House of Stories, Cascais, Portugal

Recently opened, Paula Rego’s House of Stories (Casa das Histórias), located in Cascais in the surroundings of Lisbon, has created a small fuss in many different ways. To start, the rare fact that the architect Eduardo Souto de Moura has been personally chosen by the artist to design “her” museum, after she’d been impressed by the architect’s work, namely  the London Serpentine pavilion of 2005 designed by Álvaro Siza and Eduardo Souto de Moura, and Souto de Moura’s Braga stadium (2000).

Also interesting is the fact that it was a key-architect from the so-called “Oporto’s School” to design a building in Lisbon, which doesn’t happen very often, bringing up, once again, the tedious discussion about Oporto’s architects in the north and Lisbon’s architects in the south. Eventually following the “south’s influence”, and specifically, Cascais’ type of architecture, Souto de Moura didn’t go for the rational white walls and raw natural materials, but instead, let himself  get involved with more “palatial”  forms and colours which integrated the building perfectly in the place and in the place’s history.

Souto de Moura had the rare opportunity of designing a museum for a specific collection and artist, instead of the general art museum for the general collections that are the big majority of the museums built nowadays.

The museum was built in between mature existing trees whose shadows on the walls create an interesting effect, an alive canvas that changes according to the sun, creating drawings and pictures not too far from Paula Rego’s work itself. The few openings to the exterior are controlled and calculated to strategic points, both from the outside and from the inside. Inside, the large high ceiling rooms contrast with others more intimate and domestic, pretty much the perfect place to tell Rego’s stories.
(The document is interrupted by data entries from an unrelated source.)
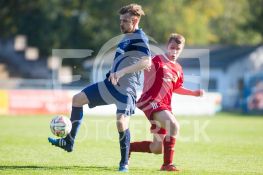 151010FRLFCTSG245.jpg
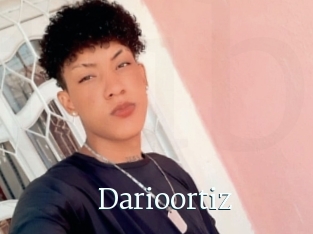 Darioortiz
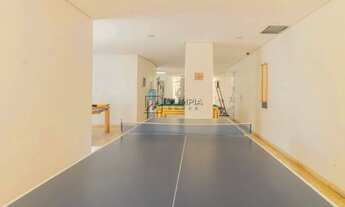 Imagem 7: Aluguel Apartamento 3 Dormitórios - 115 m² Perdizes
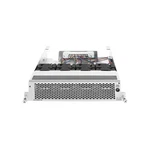 Cisco N3K-C3048-FAN New. Price: $110.00.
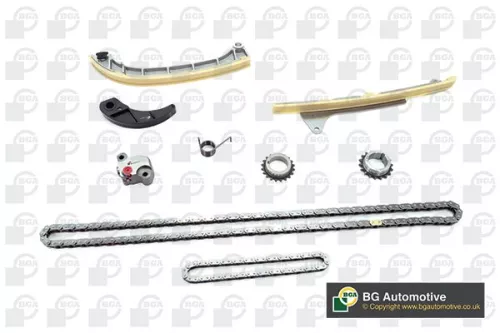 Timing Chain Kit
The museum’s permanent collection is made up of 257 etchings and 278 drawings, many of which have never been seen before, that Rego has donated to the foundation. She has also loaned 52 paintings, many from the 1980s (for example the Operas series); and certain works from the 1960s and 1990s. Willing, apart from being husband and father to her three children, was a hugely important figure in the development of her work, and he is represented in the collection with 15 oil paintings.